The problems with the new set up began when the school truant officer knocked on the door. Ian hadn’t been into school for nearly nine months. His mother was furious when he got home that day, but her wrath paled into insignificance when compared to the reaction of his stepfather. Ian had taken many a good hiding from his mother in the past, and a couple in the schoolyard from older bullies, but nothing came close to the pain he felt that night. His stepfather dragged him by the hair into his bedroom and beat him to within an inch of his miserable life. Ian couldn’t understand why he was so angry. His stepfather told him that he was thief and a liar because he had continued to take his school dinner money for all those months without actually going into school. Ian had begged and pleaded with him to stop the assault but the beating was relentless. Even when he’d tried to explain through his swollen bleeding lips that he had bought his dinner every day with the money, the beating continued until he’d lost consciousness. Ian’s memories of the next few weeks were hazy and blurred. His injuries were so severe that his mother reluctantly took him to hospital the next morning. The doctors didn’t believe that he had fallen down the stairs and social services were alerted to the fact that he was an abused child whose safety was in jeopardy. A gaggle of disapproving social workers decided that he was to be taken into care when he was well enough to be discharged. His mother and stepfather never visited him in hospital once. At the grand old age of eight and a half Ian was taken to a care home for prepubescent boys, which was run by a catholic priest. It was then that the real abuse began
Chapter four
Terrorist Task Force
An unmanned MQ-1 Predator drone patrolled the airspace over the ruined city of Mogadishu. It had been tasked with monitoring the operation that was taking place on the ground, and its information was being sent back to the taskforce command centre, situated on board an American aircraft carrier, twenty miles off the Somali coastline. The Predator was equipped with synthetic aperture radar, which was capable of relaying detailed digital video, via K-band satellite links, even if the ground was obscured by cloud or smoke. In layman’s terms, it can see everything. The plan to draw the Somali warlord Said Adid from his hideaway by using the promise of foreign, disease free women as bait had been compromised. (Sex in Africa is like playing Russian roulette because
of the AIDS virus, and so foreign women were highly valued acquisitions.) The honey trap had worked to a degree, but they were now uncertain of the outcome, as to whether it had been successful or not. All the active members of the unit were unharmed, however; they could not confirm that their target had been eliminated. There were several confirmed kills but Adid had been so elusive in the past that there were no up to date photographs of him, so there was no way of knowing if he was amongst the fatalities.

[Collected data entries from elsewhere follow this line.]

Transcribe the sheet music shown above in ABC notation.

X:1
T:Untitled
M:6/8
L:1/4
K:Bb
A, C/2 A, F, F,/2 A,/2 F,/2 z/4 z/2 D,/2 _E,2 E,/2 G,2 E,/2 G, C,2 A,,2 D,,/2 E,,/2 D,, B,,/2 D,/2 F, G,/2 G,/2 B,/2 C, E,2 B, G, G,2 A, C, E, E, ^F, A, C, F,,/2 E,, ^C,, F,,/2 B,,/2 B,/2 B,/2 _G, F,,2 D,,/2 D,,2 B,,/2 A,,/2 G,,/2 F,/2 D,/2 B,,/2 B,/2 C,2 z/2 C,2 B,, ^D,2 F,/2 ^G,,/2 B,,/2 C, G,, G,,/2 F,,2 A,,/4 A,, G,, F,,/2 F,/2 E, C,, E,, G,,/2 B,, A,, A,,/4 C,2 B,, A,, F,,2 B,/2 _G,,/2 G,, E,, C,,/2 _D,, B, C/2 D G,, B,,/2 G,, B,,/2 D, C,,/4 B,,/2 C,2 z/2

“What’s the situation down there Pilgrim one?” Major Stanley Timms used Grace’s call sign. The Major was the head of the Terrorist Task Force. The small but elite counter-terrorist unit was called upon only when all other options had been exhausted. Their operations were known as ‘black bag operations’, which means that the British Government would claim to be completely non-complicit in any of their activities. As far as the general public and conventional law enforcement agencies were concerned, the taskforce did not exist. Their targets never stood trial. They were eliminated.

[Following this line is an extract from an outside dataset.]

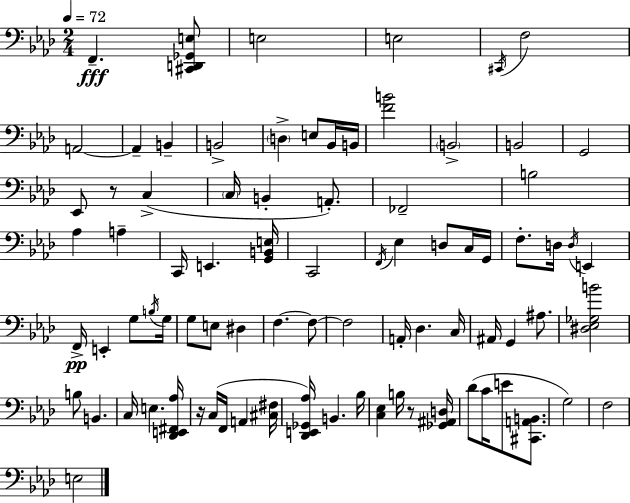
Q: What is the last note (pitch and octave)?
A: E3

“We have a number of fatalities but no positive identification of Adid.”
“What about your guide?” the Major asked. “Couldn’t he identify him?”

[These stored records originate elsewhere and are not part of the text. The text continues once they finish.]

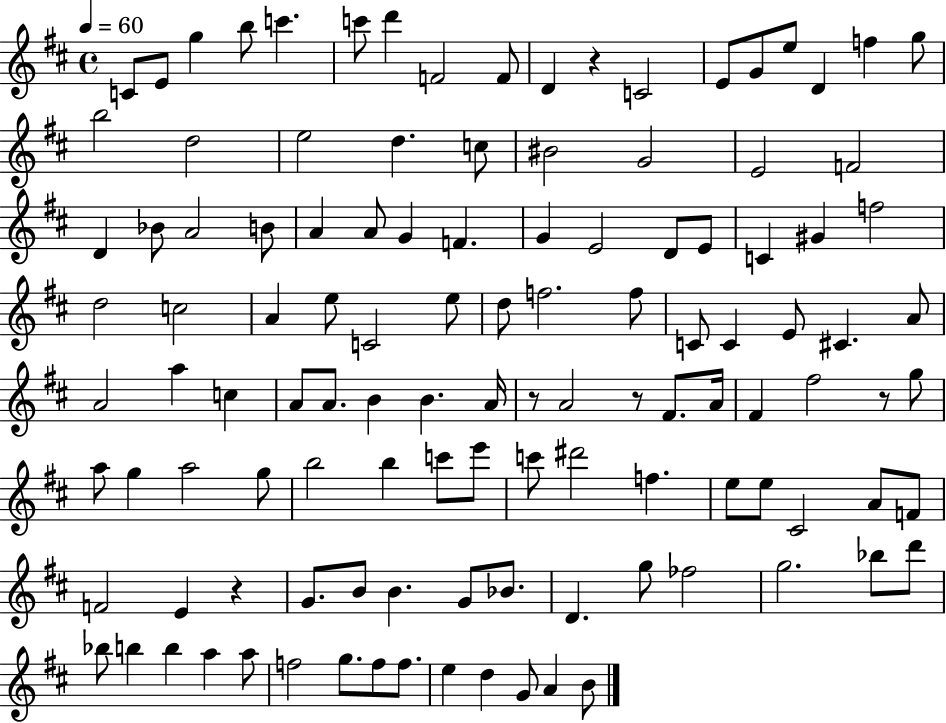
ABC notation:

X:1
T:Untitled
M:4/4
L:1/4
K:D
C/2 E/2 g b/2 c' c'/2 d' F2 F/2 D z C2 E/2 G/2 e/2 D f g/2 b2 d2 e2 d c/2 ^B2 G2 E2 F2 D _B/2 A2 B/2 A A/2 G F G E2 D/2 E/2 C ^G f2 d2 c2 A e/2 C2 e/2 d/2 f2 f/2 C/2 C E/2 ^C A/2 A2 a c A/2 A/2 B B A/4 z/2 A2 z/2 ^F/2 A/4 ^F ^f2 z/2 g/2 a/2 g a2 g/2 b2 b c'/2 e'/2 c'/2 ^d'2 f e/2 e/2 ^C2 A/2 F/2 F2 E z G/2 B/2 B G/2 _B/2 D g/2 _f2 g2 _b/2 d'/2 _b/2 b b a a/2 f2 g/2 f/2 f/2 e d G/2 A B/2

“He’s dead, and it turns out he’d never actually met Adid.”
“What?” the Major was furious. Their intelligence was obviously flawed. The guide had lied to them about his level of familiarity with the warlord, but it was their job to identify quality intelligence and to weed out liars. Somalia was full of militiamen who would trade their mothers for money, and the intelligence units were supposed to be able to qualify their informants. The lives of his unit rested upon it.